So I opted to skip all the awkward bits. The Christmas Special will have to wait until next year...
Here is something new. Apologies for the academic theme, I don't always get to choose it.
Homer describes Achilles' confrontation with the reality of Hades, a cavern of gibbering dusty shades, as a withering experience where even the heros of heros proclaims it better to be a slave on earth than a king among the dead. In the Republic, Socrates cites this in his criticism of the tragic poets, who served as the key cultural underpinnings of the day.
The gibbering shades we become in death, are not some ethereal creature, some second consciousness, a metaphysical echo. They are the faded garbled memories of us in the minds of others. Purely impressions, like the faint words that form in the surface of a weathered writing desk, long after the pen is gone.
To get a sense of what I mean, you can indulge in the rather morbid neuroticism of pondering how you might be remembered after you die. This is what Cephalus does in the Republic, he attends to the longevity of his memory with an uncertain diligence. He has a vague sense of how he might be remembered, and how he might improve that, but he has no clear picture of the whole of what he will amount to once he is gone.
It is typically agreed that Socrates' criticism of the poets is that they depict Hades as a terrible place and death therefore as a terrible thing.
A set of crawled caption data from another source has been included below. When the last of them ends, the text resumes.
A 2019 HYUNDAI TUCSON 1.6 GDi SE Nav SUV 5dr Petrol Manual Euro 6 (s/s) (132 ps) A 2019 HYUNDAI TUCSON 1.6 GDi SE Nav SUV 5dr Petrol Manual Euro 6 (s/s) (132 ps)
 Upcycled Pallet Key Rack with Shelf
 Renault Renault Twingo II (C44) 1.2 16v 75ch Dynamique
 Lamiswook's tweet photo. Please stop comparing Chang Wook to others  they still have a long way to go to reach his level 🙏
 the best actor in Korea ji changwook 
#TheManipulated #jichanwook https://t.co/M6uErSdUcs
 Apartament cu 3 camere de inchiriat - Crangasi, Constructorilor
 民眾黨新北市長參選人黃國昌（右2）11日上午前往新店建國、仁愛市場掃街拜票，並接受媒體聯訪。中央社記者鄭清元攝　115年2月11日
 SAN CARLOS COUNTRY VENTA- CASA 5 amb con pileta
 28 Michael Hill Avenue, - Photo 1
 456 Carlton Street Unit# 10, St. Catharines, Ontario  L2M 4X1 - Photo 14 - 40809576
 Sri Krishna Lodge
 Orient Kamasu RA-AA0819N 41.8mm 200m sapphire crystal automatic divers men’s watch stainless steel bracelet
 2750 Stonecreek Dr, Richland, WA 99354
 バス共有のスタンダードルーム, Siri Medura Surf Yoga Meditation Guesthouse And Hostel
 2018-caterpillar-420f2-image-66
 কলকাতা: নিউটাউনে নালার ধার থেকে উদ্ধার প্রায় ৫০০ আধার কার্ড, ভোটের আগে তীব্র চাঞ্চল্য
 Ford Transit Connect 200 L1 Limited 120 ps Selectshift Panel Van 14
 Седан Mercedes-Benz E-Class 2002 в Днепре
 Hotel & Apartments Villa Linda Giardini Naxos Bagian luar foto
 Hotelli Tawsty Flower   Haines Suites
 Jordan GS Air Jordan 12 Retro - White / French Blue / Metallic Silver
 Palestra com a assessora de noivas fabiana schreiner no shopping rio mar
This is no good in a city that needs warriors to protect it. Some will then say that this is really just there to start a discussion about the problem of courage and the dangers it poses to political life. This is all fine and good, but I think it too quickly overlooks its starting point in order to chase ladders. I think Plato's real concern is that the poets hit too close to home, perhaps without even realizing it.
To die is to be nothing, a foe in the face of which courage is meaningless. What is needed is a kind of ignorance, a veil as Nietzsche put it. This veil lies at the heart of the so called Socratic philosophy of learning to die. Plato offers us snow goggles to protect us from the overwhelming blindness, a jagged burning white gluttony of illumination. It is only with these that we can see the trail beneath us and ascend to the peaks.